# Wrestlers?



## Hand Sword (Jun 28, 2006)

Let me say this: I am a huge fan of the MMA's and UFC! That being said, I have to say That I sometimes have to switch the channel. The reason, that keeps occurring, are the "fighters" that have backgrounds in wrestling. They are great at getting takedowns, and keeping their opponents in a compromised position. However, they seem to be clueless about the grappling game. It turns into three rounds of pinning and holding down, and not much else. I find this completely frustrating. Believe me, I love a good grappling match, but the wrestlers are excruciating. 

Does anyone else feel this way? 
How about it? Wrestlers in MMA matches yes or no?


----------



## Andrew Green (Jun 29, 2006)

Saw some stats a little while ago that put wrestlers as the top winners in the UFC going back quite a ways.

Wrestling is probably the most important skill set in MMA.

But yes, the pure wrestlers are boring.  They often lack finishing power.  Of course, Couture & Liddell where both wrestlers, Hughes was a wrestler, lots of great fighters too watch are wrestlers, but they need something to end it.
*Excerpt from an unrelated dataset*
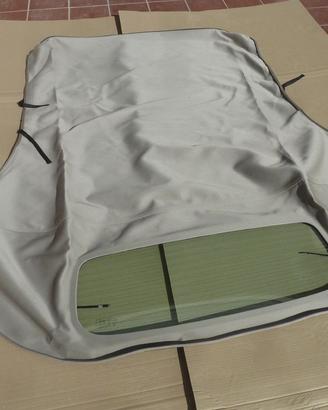 Capote bmw serie 1 E88 (2008/2014) color ghiaia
I like the TUF bonus for ending the fight, would like to see that become standard.  Letting it go to a decission should = less money.  For the big cheques take some risks, try to end it, don't just lay and pray for a decission.


----------



## Hand Sword (Jun 29, 2006)

Andrew Green said:
			
		

> Saw some stats a little while ago that put wrestlers as the top winners in the UFC going back quite a ways.
> 
> Wrestling is probably the most important skill set in MMA.
> 
> ...


 
I would never put those fighters in the group that I was referring to. They are well rounded fighters that work at their game. My group, I find myself screaming at the tv "For the love of god---DO SOMETHING!!" They just hold and pin, occasionally throwing a sloppy strike. It's Brutal to watch for 15 minutes. Thank god the stand them back up rule is there. Even tonight, Rashad just sat in the guard-literally! Occasionally threw a strike, but, gee! Even Joe Rogan was screaming to do something! the other fights also, opponents giving the back and nothing just a hold on to them.


----------



## Andrew Green (Jun 29, 2006)

I know, it's frustrating and they got no place on live events...


----------



## Hand Sword (Jun 29, 2006)

Maybe the MMA organizations should have official training schools that the fighters should pass, or show some degree of ability in before allowing them to FIGHT.


----------



## MJS (Jun 29, 2006)

Hand Sword said:
			
		

> Let me say this: I am a huge fan of the MMA's and UFC! That being said, I have to say That I sometimes have to switch the channel. The reason, that keeps occurring, are the "fighters" that have backgrounds in wrestling. They are great at getting takedowns, and keeping their opponents in a compromised position. However, they seem to be clueless about the grappling game. It turns into three rounds of pinning and holding down, and not much else. I find this completely frustrating. Believe me, I love a good grappling match, but the wrestlers are excruciating.
> 
> Does anyone else feel this way?
> How about it? Wrestlers in MMA matches yes or no?


 
Yes, I hear what you're saying.  I too, enjoy watching the UFC.  In the beginning, I got the impression that many spectators enjoyed the stand up game much more than the ground game.  Often you'd hear the boos from the crowd.  Now, IMO, if they're on the ground, doing nothing more than holding, I can see where that would get frustrating.  Personally, I don't think holding someone down should count, unless you're working to get a submission.  Simply holding someone until the clock runs out, to me, doesnt seem like the person was trying too hard.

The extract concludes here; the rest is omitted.